Feedback: Reach the Heart Through the Brain

Never turn down a breath mint. Feedback is a gift.

Of course the gift’s presentation can make a big difference.

Performance accountability is among the most important parts of a leader’s role. Yet many leaders are simply inept at providing feedback and coaching that helps more than hurts.

In fact, implicit (or explicit) blame is a prominent ingredient in many of the “coaching” messages leaders send. Unfortunately, blame is the water in which dreams and relationships drown.

Dr. Tim Irwin, an organizational psychologist and executive coach, believes there’s a better way. His research shows the right kind of positive affirmation has a profound effect on a person’s brain—an effect that promotes a sense of personal well-being which leads to better performance. Criticism, he says, produces the opposite effect.

Dr. Irwin has invested a career in advising, studying, and learning from thousands of leaders around the world. He’s consulted for a wide range of U.S. companies including SunTrust Banks, Chick-fil-A, IBM, Gerber, Coca-Cola and Ritz Carlton.

He details a fresh approach to feedback his new book Extraordinary Influence: How Great Leaders Bring Out the Best in Others. I asked him to share some of his insights.

Rodger Dean Duncan: You report on brain research that highlights “affirmation” as a powerful influencer. In layman’s terms, what is affirmation and how does it differ from a pat on the back?

Tim Irwin: Who doesn’t like a sincere compliment? My wife wore a new Spring outfit this morning, and as she left for work, I told her she looked nice. She smiled, said thank you and then immediately made sure I remembered we were having dinner with neighbors tonight. A compliment goes skin deep. It conveys esteem and appreciation, but a compliment is not a deep affirmation of who we are.

The word affirmation originates from the Latin affirmationem, which means to make steady, to confirm and to strengthen. The deepest form of affirmation strengthens our core—our very sense of self.

Brain research strongly supports the dramatic benefits of deep affirmation. Affirmation helps people feel more optimistic and work more productively.

Duncan: What role should affirmation play in a leader’s day-to-day interaction with others?

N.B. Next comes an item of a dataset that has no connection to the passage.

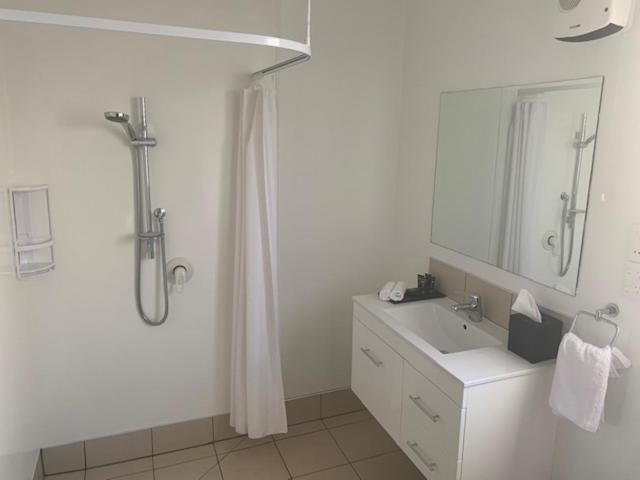 Twizel Central Studio Accommodation Bagian luar foto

Irwin: In a work context, it’s important to affirm someone’s competence. “You did an excellent job of presenting the budget update at the Executive Team meeting. Everyone agreed that the clarity you created with the new report really helped our decision-making process.” This type of affirmation should be routine and frequent.

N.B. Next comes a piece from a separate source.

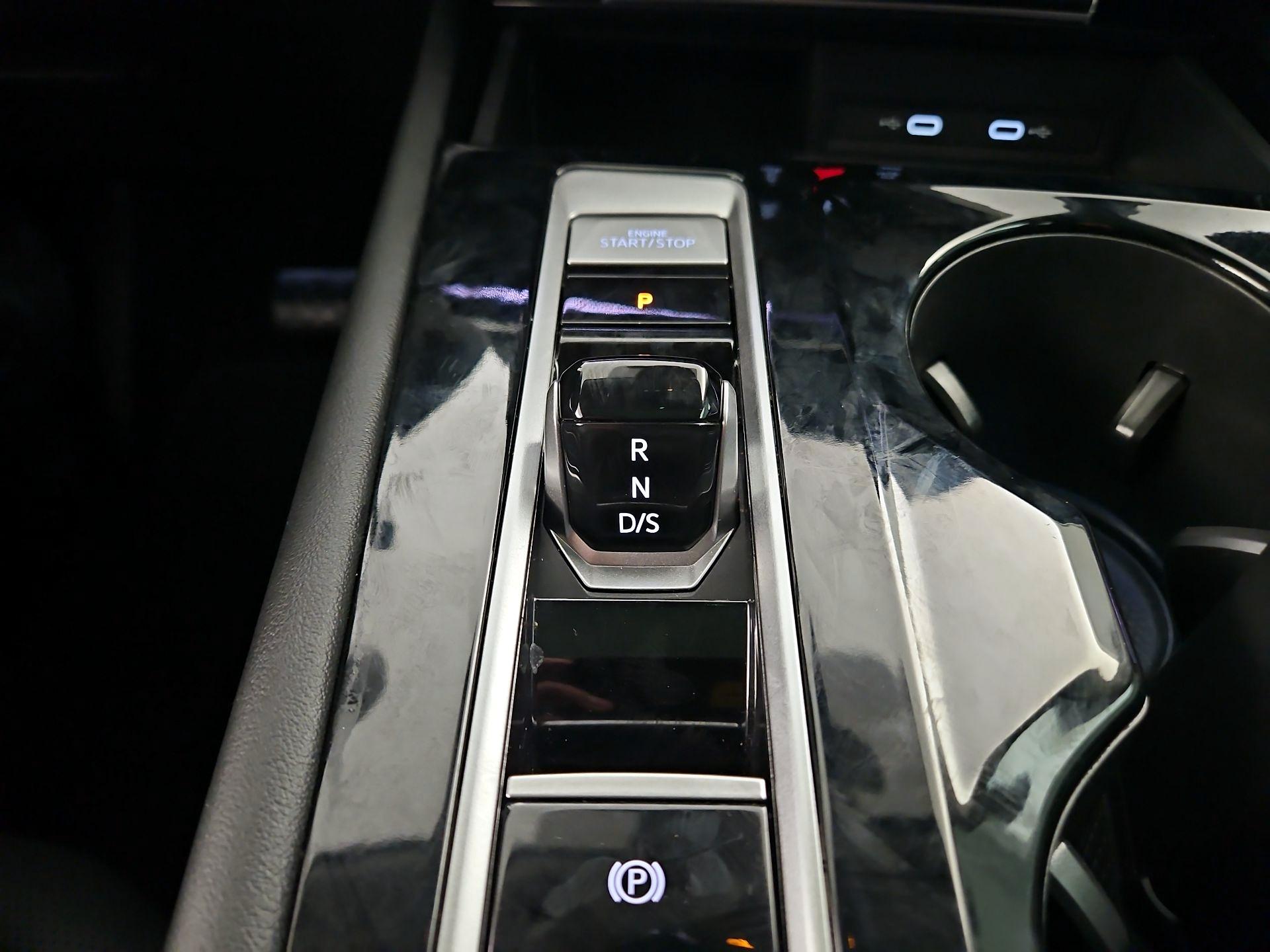 Thumbnail: 2024 Volkswagen Atlas - 17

Occasionally, an opportunity presents itself to go deeper—to reach the core of another person. The language that speaks to our core affirms who we are—the person inside us. This type of deeper affirmation is called “Words of Life.”

What is the common thread in Words of Life? These powerful words speak about our character—the unassailability of our inner person. Words of Life address the dimensions of our core and speak the vocabulary of our core, such as integrity, courage, resilience, judgment and authenticity. When spoken authentically, these words can actually transform someone we lead.

Duncan: You say performance appraisals often involve a “negativity bias.” If that’s true, how can a leader hold people accountable for good results without unintentionally demotivating or discouraging them?

Irwin: Even the brains of the most confident among us are constantly scanning the environment and asking “Am I safe?” We do not typically face physical threats in our work settings, but we constantly face “emotional threats”—criticism from our boss, sniping from our rivals and the ever-present political maneuvering that goes on even in healthy organizations.

The workplace is filled with “Words of Death,” those expressions that say, “No, I’m not safe.” Favorite unthinking phrases of some leaders employ even “violent” language to convey they are in control, such as, “I’m going to hold your feet to the fire”—a favorite torture method in the middle ages, designed to get heretics to convert.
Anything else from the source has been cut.